XXX años de amores con la UCV. MI primer día de clases. III Parte
Vengo de una generación que pedía cola en los ramales de las autopistas. Foto FP |
Para Armando Pernía, con el antipatía de ayer, con el afecto de siempre
Un día de
febrero en 1983
Son las 2
am y no puedo coinciliar el sueño. Desde El Junquito baja un frío bestial.

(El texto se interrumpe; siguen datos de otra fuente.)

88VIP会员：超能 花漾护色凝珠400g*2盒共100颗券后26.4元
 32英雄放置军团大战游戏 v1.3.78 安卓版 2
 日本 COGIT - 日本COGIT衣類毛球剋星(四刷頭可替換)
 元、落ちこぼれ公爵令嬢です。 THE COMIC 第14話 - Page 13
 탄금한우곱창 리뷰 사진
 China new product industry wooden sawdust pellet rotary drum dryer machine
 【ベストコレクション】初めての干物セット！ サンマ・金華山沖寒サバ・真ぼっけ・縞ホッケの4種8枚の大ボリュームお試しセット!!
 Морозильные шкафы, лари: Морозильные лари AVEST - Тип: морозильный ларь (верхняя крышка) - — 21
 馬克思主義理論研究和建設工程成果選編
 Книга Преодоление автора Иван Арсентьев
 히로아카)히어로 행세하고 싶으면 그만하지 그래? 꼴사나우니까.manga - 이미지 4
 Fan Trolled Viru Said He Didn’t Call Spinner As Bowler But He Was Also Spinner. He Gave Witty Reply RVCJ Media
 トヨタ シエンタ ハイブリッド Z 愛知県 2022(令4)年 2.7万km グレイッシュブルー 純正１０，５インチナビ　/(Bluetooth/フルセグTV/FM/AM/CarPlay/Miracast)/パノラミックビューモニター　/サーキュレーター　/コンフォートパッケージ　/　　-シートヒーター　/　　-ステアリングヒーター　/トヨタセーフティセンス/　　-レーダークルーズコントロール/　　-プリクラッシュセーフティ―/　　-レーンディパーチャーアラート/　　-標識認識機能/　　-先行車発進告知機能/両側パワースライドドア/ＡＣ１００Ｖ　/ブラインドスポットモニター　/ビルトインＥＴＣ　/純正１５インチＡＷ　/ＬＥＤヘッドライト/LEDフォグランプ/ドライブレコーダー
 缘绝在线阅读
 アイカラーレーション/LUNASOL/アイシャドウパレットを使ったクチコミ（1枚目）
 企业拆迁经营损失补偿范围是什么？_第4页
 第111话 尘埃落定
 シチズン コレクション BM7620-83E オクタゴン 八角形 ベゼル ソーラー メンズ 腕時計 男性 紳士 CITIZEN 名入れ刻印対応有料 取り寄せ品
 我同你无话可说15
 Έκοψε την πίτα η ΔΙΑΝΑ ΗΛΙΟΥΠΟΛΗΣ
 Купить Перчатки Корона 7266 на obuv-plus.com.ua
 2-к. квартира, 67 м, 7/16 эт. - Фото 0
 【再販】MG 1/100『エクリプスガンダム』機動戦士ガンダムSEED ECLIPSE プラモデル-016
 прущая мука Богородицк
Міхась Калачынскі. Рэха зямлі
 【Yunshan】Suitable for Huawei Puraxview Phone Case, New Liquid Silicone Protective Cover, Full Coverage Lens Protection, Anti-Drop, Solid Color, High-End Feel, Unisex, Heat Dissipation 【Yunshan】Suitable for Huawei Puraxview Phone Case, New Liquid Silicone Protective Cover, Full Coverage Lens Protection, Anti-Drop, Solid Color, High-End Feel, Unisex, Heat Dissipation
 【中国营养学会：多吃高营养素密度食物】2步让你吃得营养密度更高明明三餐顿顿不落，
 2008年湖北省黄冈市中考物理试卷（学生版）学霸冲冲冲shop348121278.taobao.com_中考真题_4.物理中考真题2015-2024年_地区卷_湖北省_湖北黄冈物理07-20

Vuelvo a mirar el reloj. Me asomo al balcón. Las estrellas parecen indiferentes
a mi insomnio. En un arrebato de inspiración, pienso “y si agarro la Grand
Master, y me voy a puro pedal a la Universidad”, pero elimino ese pensamiento,
tan solo al reparar en los chorros de sudor y de que me vería ridículo debutando
en la “Casa que vence la sombra” a lomos de una cacho e vaca…
3:30 am: ni
contando ovejitas, ni pensando en la varita mágica de la Señorita Cometa, ni
siquiera tomando tilo me puedo quitar la emoción por mi primer día de clases.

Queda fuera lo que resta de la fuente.